Restate the listing below word for word. No picture belongs in the result.

- - - - - - -

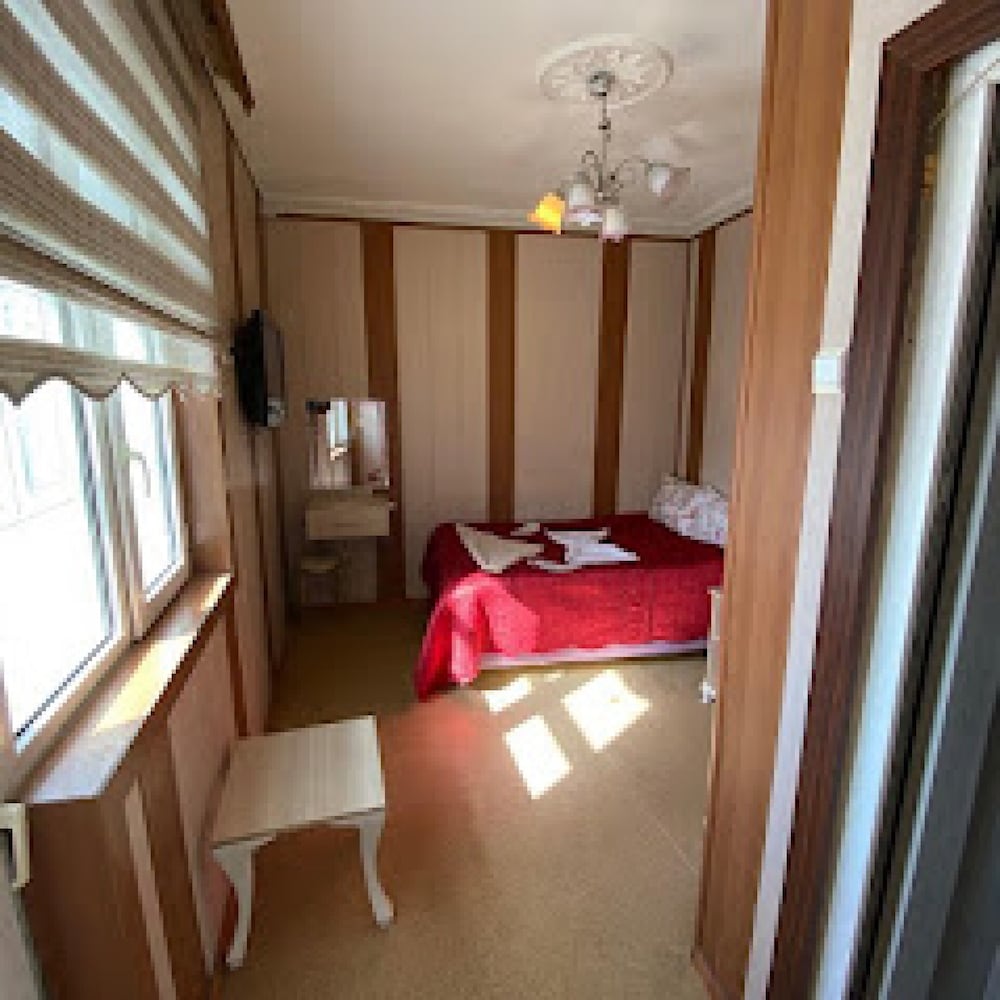 Economy Single Room, 1 Twin Bed, City View - Photo 4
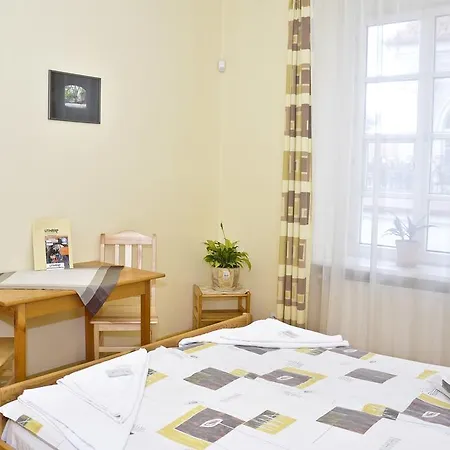 Litinterp Bed & Breakfast Vilnius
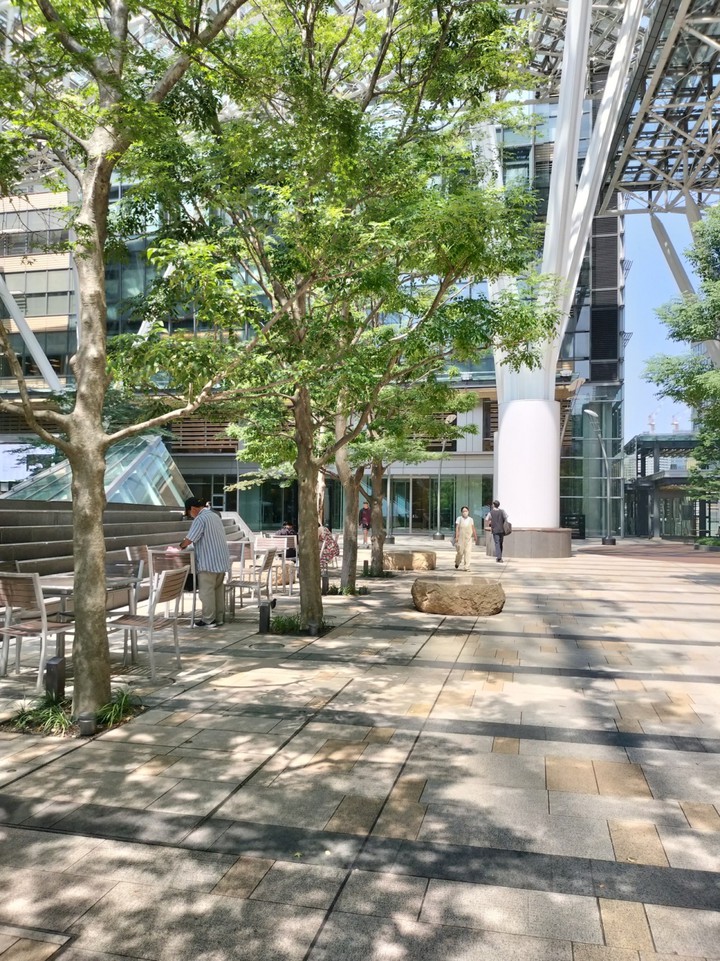 東京ミッドタウン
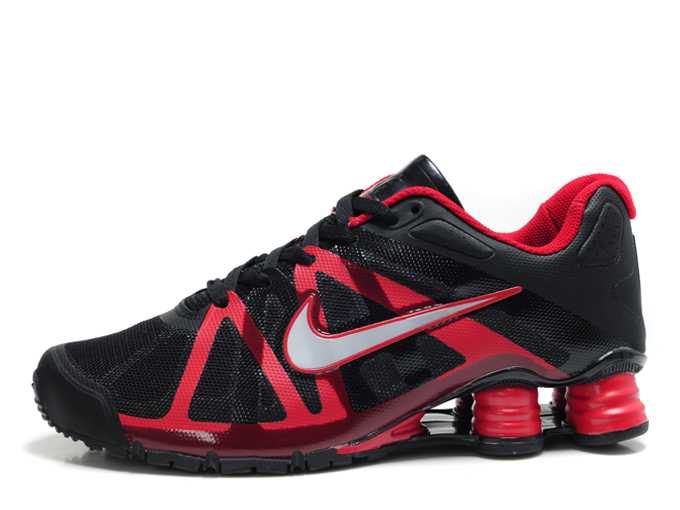 discount shox vendre
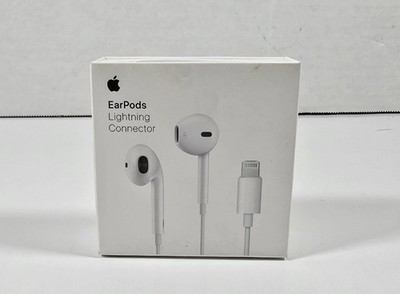Original Apple Earphones For iPhone 8 X 12 13 11 14 PRO Max Headphones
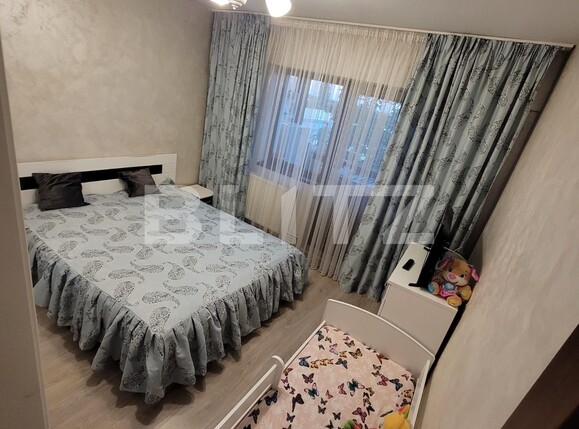 Apartament de vânzare 2 camere Carpati 2 - 132141AV | BLITZ Satu Mare | Poza2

- - - - - - -

> **SOLVED PROBLEM**
 Economy Single Room, 1 Twin Bed, City View - Photo 4
 Litinterp Bed & Breakfast Vilnius
 東京ミッドタウン
 discount shox vendre
Original Apple Earphones For iPhone 8 X 12 13 11 14 PRO Max Headphones
 Apartament de vânzare 2 camere Carpati 2 - 132141AV | BLITZ Satu Mare | Poza2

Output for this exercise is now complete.